Whenever his parents would ask where he was getting the money, he’d tell them, “Don’t worry, it’s nothing illegal.” Privately, they struggled to figure out what was happening. His father was quick to shrug it off, assuming Milky still had money from his home sale or, as he puts it, “must have won the lotto.” But his mom wasn’t so forgiving. “I figured he was selling drugs,” she says. She began searching his room for clues, checking his phone records and even his private email—which he had left open on his computer one day during a visit.

Milky’s parents weren’t the only ones given pause. There was many a morning when Milky himself would wake up in bed with, say, two strippers and a pile of coke, and have his own Talking Heads moments. How did I get here? What am I doing with my life? But then, as he tells it, “I’d go across the road, have lunch, have a couple beers, and then do it all again.” With his yellow smiley-face bandanna wrapped around his shaggy blond hair, his fat bankroll, and his generous ways, Milky became the Spicoli of Surfers Paradise, the go-to mate for a good time.

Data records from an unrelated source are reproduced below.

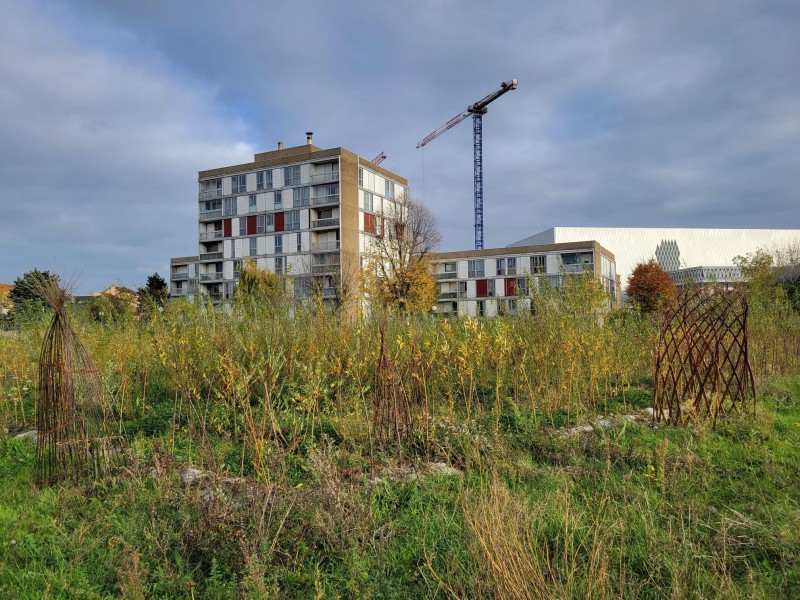 Collège Courbet - Crédits : DEVE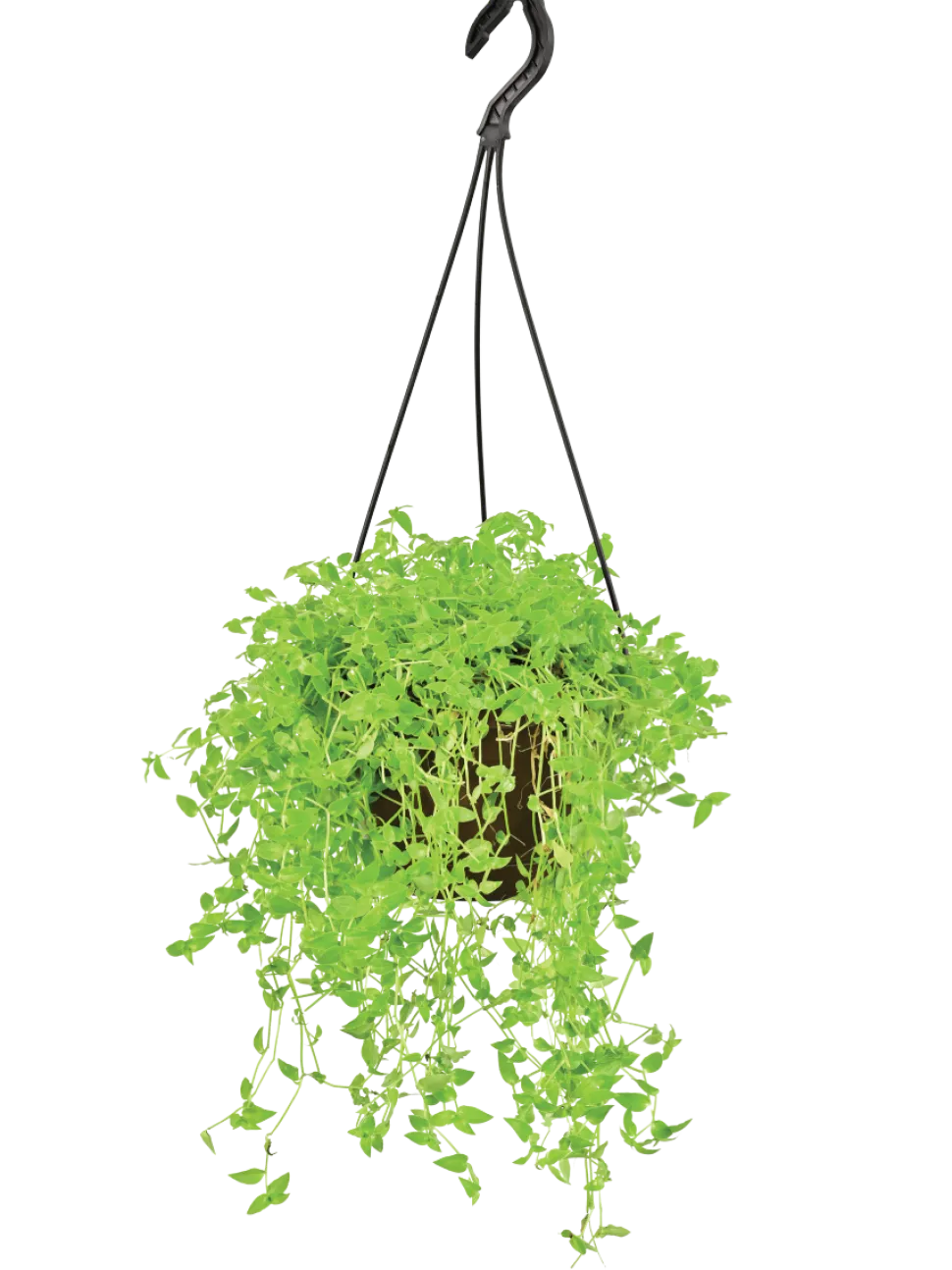 Turtle Vine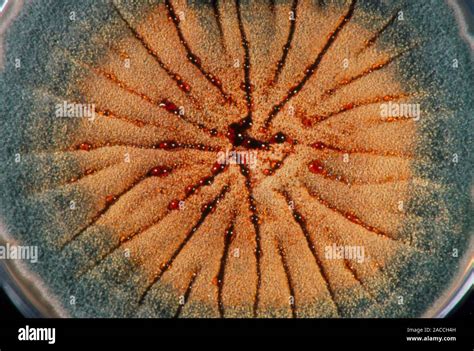 Aspergillus Nidulans Laboratory Petri Dish Culture Of The Fungus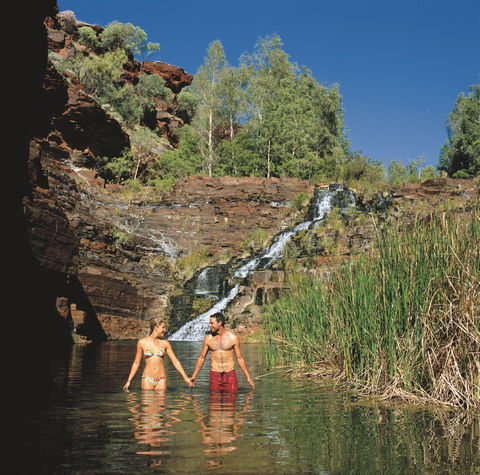 Fortescue Falls - Mackay Tourism 0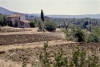 bolgheri900709n69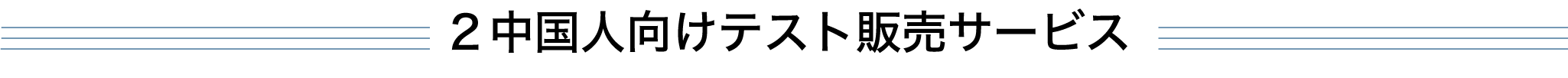 2 中国人向けテスト販売サービス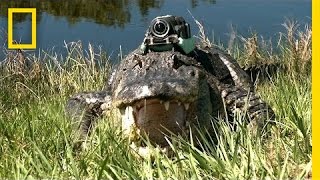 quotNarcolepticquot Alligator amp Other Gators quotFilmquot Their Day  National Geographic [upl. by Omoj]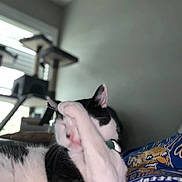 Brutus is registered to the contest to win money with this photo: animal, architecture, bed, bedroom, building, cat, couch, cushion, electronics, furniture, homedecor, indoors, interiordesign, kitten, livingroom, manx, person, pet, room, sleeping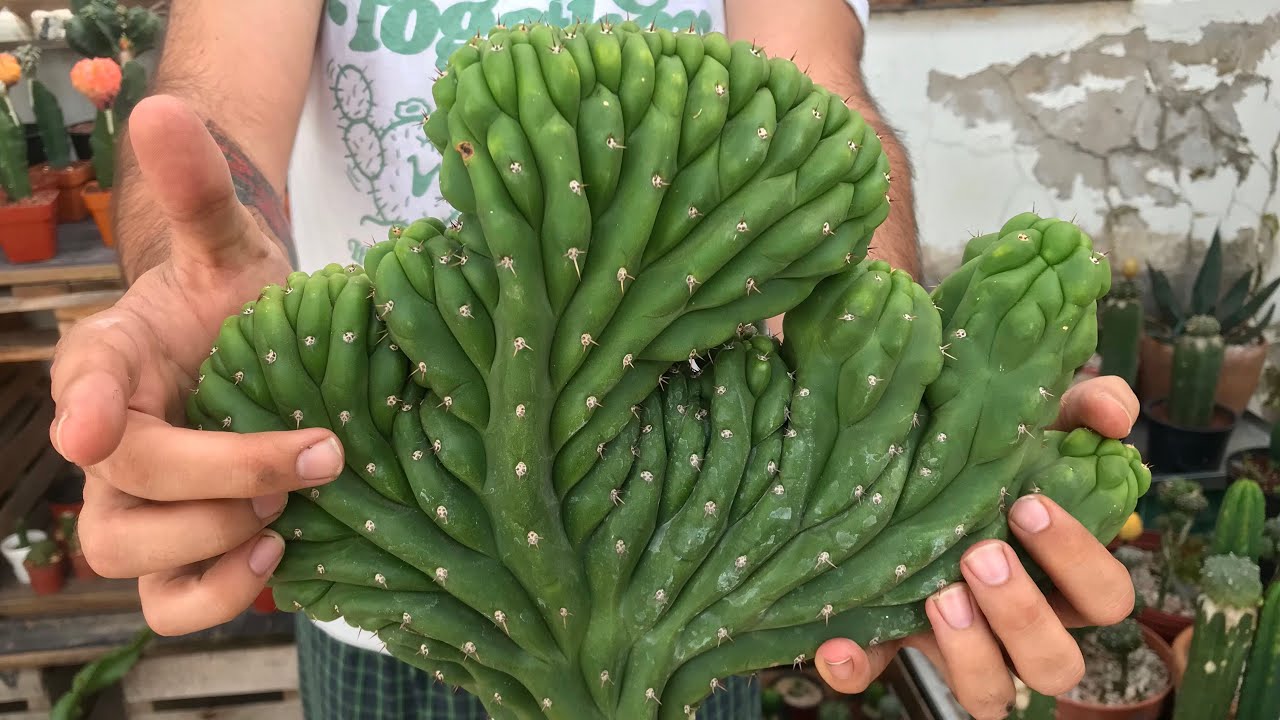 Reproduciendo CACTUS CRESTADOS | Paso a paso | Trichocereus pachanoi 🌵🐉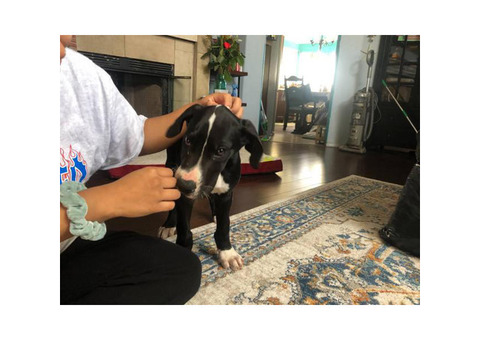 Excellent Great Dane puppy for sale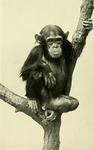 common chimpanzee (Pan troglodytes)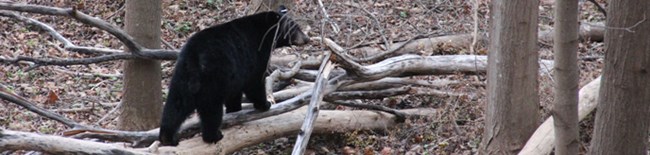 black bear walking on a log black bear walking on a log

Shanyn Glover, who became his closest friend at the beach, recalls him regularly treating—or, in Aussie slang, “shouting”—drinks for everyone at the bar, buying her girlfriend a $600 tattoo, and bringing them when he returned to Phuket, where he handed them $2,000 to go have fun. One weekend, Glover and her girlfriend went with him to a car dealership in Brisbane, where he wrote a $92,000 check for a silver Aston Martin. He drove back, a smoke in one hand, a beer in the other, steering with his knees, no shirt, no shoes, no worries.


By 2012, two years after his first overdraft, he had his money system down pat: request a transfer from St. George to PayPal, then transfer that money to his National Australia Bank account for cash. He was taking out so much that he stopped keeping track or checking the balance of his debt. But he was easily in over $1 million (US$766,000). When he needed more than the $2,000 daily limit of cash withdrawals, he had an answer for that, too: taking out cash at his strip-joint hangout, whose owner would take 10 percent in return.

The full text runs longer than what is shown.